I have a new report out today on our annual survey of the freelance economy. This year we are able to look at how freelancers are faring under COVID, and we learn a lot about the diversity & flexibility of freelancing. upwork.com/i/freelance-fo…
To start, it’s useful to characterize what has happened to the level of freelancing overall. What we found was that after covid a lot of people started freelancing for the first time. But we also had a lot of people pause freelancing.
One story that has been pushed is that the rush of new freelancers has crowded out previous freelancers, but looking at the data don’t think this is largely the case. New freelancers and paused freelancers are very different. Here are the differences:
New freelancers are largely:
More full time
More remote
Younger
More educated
In harder hit occupations
More likely to be male, urban, and caregivers
In contrast, paused freelancers are:
Freelancing on the side
Less remote
Less educated
In less hard hit occupations
For example, the top occupations for new freelancers are computers/mathematics and finance/business operations, for paused freelancers it’s education and construction. New freelancers in programming aren’t crowding out freelancers in ed.

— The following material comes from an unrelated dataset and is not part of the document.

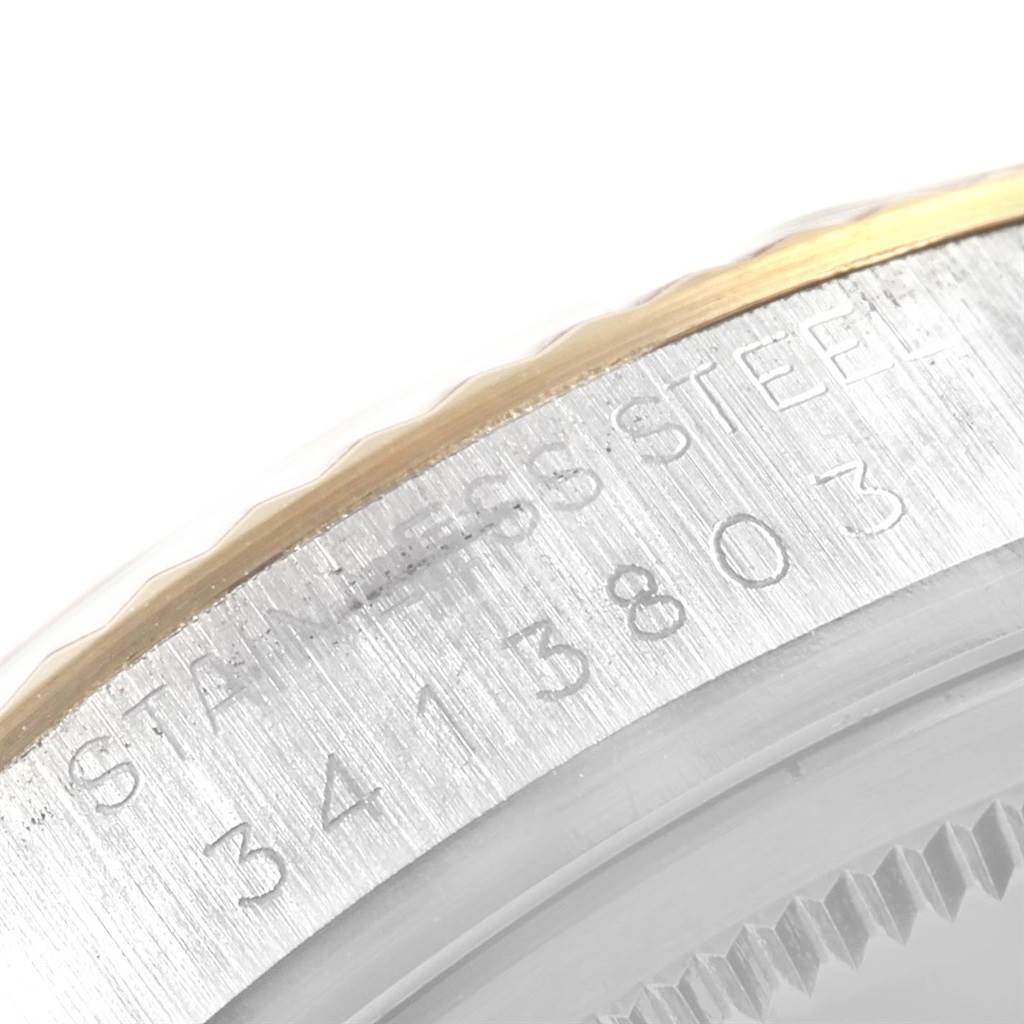 This image shows a close-up of the side of the Rolex Vintage Collection 1601 Men's Steel and Gold (two tone) Champagne Dial 1601 Men's Steel and Gold (two tone) Champagne Dial watch, focusing on the case with the model number engraved.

Decline of side-gigs and rise of full-time freelancers is consistent with other data. In the CPS, self-employment share of employed is up while multiple jobholding is down. Non-employer business registrations are also up.
Another factor driving the demand for some freelancers is that they have always been disproportionately remote, and there is obviously a major need for remote work now. Even before COVID, one in four freelancers was entirely remote.
However, we can also show that is was not *just* labor demand that increased, but labor supply also. This is clear in Upwork data, where freelancer registrations actually picked up before client registrations.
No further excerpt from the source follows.